**Web page caption snippets:**
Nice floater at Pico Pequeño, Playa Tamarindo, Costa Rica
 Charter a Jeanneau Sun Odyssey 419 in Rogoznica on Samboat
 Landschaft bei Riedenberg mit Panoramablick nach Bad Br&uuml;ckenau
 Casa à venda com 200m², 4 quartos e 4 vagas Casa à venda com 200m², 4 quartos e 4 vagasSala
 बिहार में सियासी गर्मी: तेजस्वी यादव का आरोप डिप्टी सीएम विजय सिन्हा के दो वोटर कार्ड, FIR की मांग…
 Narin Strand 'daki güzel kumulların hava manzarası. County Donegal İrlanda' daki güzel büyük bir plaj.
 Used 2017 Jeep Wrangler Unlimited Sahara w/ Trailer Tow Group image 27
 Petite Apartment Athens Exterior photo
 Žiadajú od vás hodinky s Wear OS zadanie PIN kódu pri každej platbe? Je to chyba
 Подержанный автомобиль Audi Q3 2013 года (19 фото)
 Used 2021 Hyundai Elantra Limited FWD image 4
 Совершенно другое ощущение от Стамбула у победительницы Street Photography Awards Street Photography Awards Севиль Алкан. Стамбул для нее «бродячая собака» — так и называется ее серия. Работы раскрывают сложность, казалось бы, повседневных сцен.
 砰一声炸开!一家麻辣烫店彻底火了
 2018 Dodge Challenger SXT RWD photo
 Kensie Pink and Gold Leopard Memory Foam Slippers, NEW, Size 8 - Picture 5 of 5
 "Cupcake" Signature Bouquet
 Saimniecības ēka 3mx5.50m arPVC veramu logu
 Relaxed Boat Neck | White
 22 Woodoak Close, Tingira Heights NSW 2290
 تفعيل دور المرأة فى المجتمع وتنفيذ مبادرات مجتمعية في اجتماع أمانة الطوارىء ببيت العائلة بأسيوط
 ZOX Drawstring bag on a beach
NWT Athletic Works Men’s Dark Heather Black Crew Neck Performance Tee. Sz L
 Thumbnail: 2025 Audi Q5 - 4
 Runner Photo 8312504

**REQUIREMENT:** Repeat exactly the lines above, starting with the first line of the records and finishing with the line holding "Landschaft bei Riedenberg". Add no other line.

**SOLUTION BELOW:**
Nice floater at Pico Pequeño, Playa Tamarindo, Costa Rica
 Charter a Jeanneau Sun Odyssey 419 in Rogoznica on Samboat
 Landschaft bei Riedenberg mit Panoramablick nach Bad Br&uuml;ckenau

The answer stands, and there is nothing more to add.